Job Queue System and Workers
What is a Worker/Concurrent Worker?
A worker (or concurrent worker) is an actor that actively processes jobs pushed into the queue. It sequentially handles jobs in the queue, with an available worker picking up the next job and processing it. Upon completion, the worker releases the job and proceeds to the next one.
How does it work?
In Holistics, when a user opens a report, we construct an SQL query sent to the customer's data warehouse, wait for it to finish, and visualize the results.
Since the analytical SQL queries take time (seconds to minutes), it is usually not a good idea to handle this using synchronous web requests. A more scalable solution is to use a background job queue system.
A typical flow would look like:
- When a user views a report, a job is created and pushed into a job queue.
- A worker picks up the job, constructs the SQL queries, and then runs them against the customer’s data warehouse
- Once the query is finished, the result set is visualized and presented to the user’s browser.
What kind of actions will create a job?
Usually actions that involve running a SQL against the customer’s data warehouse:
- Users viewing dashboards
- Email schedules triggered
- Etc.
Why are Concurrent Workers important?
In an extreme scenario, with 20 users accessing 100 charts simultaneously, the Holistics application, without control, would generate 2000 database queries to the customers' database, potentially causing a crash, especially for a production database.
Holistics workers actively manage concurrent database queries by limiting the customer to 5 workers. This ensures that no more than 5 queries run simultaneously, with others queued up.

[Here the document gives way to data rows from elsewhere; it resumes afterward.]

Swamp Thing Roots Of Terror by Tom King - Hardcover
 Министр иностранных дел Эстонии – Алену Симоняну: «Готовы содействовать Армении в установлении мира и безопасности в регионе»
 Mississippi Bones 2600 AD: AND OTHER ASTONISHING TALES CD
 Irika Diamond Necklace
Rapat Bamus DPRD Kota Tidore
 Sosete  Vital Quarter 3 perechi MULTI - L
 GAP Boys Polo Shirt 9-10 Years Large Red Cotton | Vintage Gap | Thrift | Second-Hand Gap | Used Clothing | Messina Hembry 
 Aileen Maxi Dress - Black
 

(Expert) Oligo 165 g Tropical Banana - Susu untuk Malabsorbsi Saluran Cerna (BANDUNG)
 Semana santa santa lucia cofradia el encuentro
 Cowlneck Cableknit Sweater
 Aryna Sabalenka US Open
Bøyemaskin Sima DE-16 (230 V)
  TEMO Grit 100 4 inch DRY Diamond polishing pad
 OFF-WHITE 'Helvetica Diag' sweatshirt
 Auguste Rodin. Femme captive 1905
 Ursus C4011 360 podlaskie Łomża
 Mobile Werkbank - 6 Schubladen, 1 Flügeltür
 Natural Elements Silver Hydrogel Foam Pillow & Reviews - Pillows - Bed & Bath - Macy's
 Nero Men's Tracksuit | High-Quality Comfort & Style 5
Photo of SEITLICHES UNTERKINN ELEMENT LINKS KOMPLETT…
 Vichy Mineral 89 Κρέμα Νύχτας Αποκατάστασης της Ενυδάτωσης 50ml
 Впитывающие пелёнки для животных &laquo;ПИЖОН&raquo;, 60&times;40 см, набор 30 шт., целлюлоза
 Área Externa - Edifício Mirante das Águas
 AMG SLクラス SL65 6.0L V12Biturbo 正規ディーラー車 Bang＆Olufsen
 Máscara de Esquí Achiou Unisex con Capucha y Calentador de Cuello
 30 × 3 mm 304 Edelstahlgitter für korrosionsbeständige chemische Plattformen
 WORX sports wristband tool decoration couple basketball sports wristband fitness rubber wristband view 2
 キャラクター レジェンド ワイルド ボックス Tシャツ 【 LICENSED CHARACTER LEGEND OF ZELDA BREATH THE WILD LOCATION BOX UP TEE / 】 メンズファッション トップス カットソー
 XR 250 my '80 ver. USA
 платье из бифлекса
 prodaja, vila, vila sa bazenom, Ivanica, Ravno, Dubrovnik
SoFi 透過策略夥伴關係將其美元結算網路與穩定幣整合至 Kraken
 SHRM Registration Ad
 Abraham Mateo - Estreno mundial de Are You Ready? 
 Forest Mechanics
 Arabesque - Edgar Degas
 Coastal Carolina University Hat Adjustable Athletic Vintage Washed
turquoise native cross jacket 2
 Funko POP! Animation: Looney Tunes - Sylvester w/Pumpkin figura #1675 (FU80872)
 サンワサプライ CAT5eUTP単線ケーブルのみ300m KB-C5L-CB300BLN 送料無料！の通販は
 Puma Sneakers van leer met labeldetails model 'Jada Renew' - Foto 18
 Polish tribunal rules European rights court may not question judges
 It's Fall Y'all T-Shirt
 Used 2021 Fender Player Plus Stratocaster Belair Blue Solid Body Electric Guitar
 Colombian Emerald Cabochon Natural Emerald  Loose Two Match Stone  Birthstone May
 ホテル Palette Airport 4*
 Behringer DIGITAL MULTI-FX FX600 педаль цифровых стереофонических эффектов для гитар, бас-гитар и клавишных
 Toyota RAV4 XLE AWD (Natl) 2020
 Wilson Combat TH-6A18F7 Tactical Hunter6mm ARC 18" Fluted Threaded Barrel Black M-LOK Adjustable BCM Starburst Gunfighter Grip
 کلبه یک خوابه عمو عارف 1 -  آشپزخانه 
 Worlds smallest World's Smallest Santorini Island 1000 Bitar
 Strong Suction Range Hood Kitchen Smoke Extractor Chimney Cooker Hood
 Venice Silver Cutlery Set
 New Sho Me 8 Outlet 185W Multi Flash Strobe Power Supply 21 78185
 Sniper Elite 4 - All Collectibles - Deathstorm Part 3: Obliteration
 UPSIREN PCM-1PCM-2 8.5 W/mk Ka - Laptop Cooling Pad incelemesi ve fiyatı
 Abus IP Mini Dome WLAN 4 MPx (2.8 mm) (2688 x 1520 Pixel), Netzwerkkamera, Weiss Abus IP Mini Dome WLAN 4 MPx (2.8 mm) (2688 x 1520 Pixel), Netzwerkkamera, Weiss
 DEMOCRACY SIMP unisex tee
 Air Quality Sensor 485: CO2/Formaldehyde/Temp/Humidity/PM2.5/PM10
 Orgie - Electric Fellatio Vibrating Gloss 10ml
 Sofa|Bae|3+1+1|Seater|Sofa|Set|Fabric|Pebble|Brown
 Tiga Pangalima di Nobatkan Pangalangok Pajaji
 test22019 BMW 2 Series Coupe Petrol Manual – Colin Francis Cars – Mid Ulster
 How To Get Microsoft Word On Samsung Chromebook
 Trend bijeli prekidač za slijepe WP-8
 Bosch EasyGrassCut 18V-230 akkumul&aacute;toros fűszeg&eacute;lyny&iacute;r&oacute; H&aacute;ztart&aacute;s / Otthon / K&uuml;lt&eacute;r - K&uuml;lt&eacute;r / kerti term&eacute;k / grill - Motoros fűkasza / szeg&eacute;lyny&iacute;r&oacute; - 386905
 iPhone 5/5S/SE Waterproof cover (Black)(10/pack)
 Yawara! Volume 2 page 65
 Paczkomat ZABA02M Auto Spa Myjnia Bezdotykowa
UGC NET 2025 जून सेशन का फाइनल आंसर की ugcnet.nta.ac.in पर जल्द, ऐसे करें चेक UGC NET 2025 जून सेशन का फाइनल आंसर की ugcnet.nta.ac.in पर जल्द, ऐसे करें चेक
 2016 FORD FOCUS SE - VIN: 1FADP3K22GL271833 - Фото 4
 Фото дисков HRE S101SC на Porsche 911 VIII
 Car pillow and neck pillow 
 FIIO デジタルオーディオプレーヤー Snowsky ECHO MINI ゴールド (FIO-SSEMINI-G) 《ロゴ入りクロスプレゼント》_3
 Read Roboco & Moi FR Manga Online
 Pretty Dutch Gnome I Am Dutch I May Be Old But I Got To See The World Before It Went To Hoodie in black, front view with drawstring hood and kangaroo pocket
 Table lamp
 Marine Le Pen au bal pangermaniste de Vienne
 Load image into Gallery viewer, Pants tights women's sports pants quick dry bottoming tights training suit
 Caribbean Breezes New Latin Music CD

Therefore, increasing Concurrent Workers improves the querying process for both you and your customers. As your business scales, being charged based on Concurrent Workers is more cost-effective than the number of visualizations processed.
Job Queues
Type of Job Queues
Each Holistics customer has their job queue and workers. This ensures one customer overloading the job queue will have zero to little effect on other customers’ systems.
Furthermore, depending on the nature of the job, it will be classified into different queues (or pools). For example, a Report job runs in a different queue than a Data Transform job.
Default slots for specific job queues
Below is the default list of job queues and their default worker count. This is a soft limit, which means that it can be increased by purchasing more workers.
Queue | Default Slot | Action included |
---|---|---|
Default | 20 | 1. Create/Update Custom Field 2. Refresh Models and Dependant Models |
Adhoc Query | 5 | 1. Adhoc SQL executions 2. Dataset explorations |
Filter | 3 | 1. Filter suggestion 2. Process filter in Dashboard |
Report | 15 | Execute report/widget |
Prefetch | 12 | 1. Prefetch Filter Cache 2. Preload Dashboard |
Preview | 3 | 1. Validate Data Import 2. Preview Report/Query (Holistics Version < 3.0) |
Export | 10 | 1. Export Dashboard 2. Export Dashboard Widget/Report |
Email Schedule | 2 | Executing schedule (Email, Slack, SFTP, Google Sheet) |
Data Source | 15 | 1. Test Data Source connection 2. Synchronize database schema |
Data Import (Version 3.0 and below) | 2 | Executing Data Import |
Data Transform | 2 | Executing Data Transform (or Storage Settings) |
Validate | 5 | 1. Validate Table Structure in Data Transform 2. Validate Query in Data Transform 3. Preview Data Transform |
Embed Analytics Queue | Default Slot | Action included |
---|---|---|
Embed | 0 | 1. Execute Embedded Dashboard Widget/Report 2. Export Embedded Dashboard 3. Export Embedded Dashboard Widget/Report |
If you want to enable our Embedded Analytics feature, please refer to our doc about Embedded Analytics for more information.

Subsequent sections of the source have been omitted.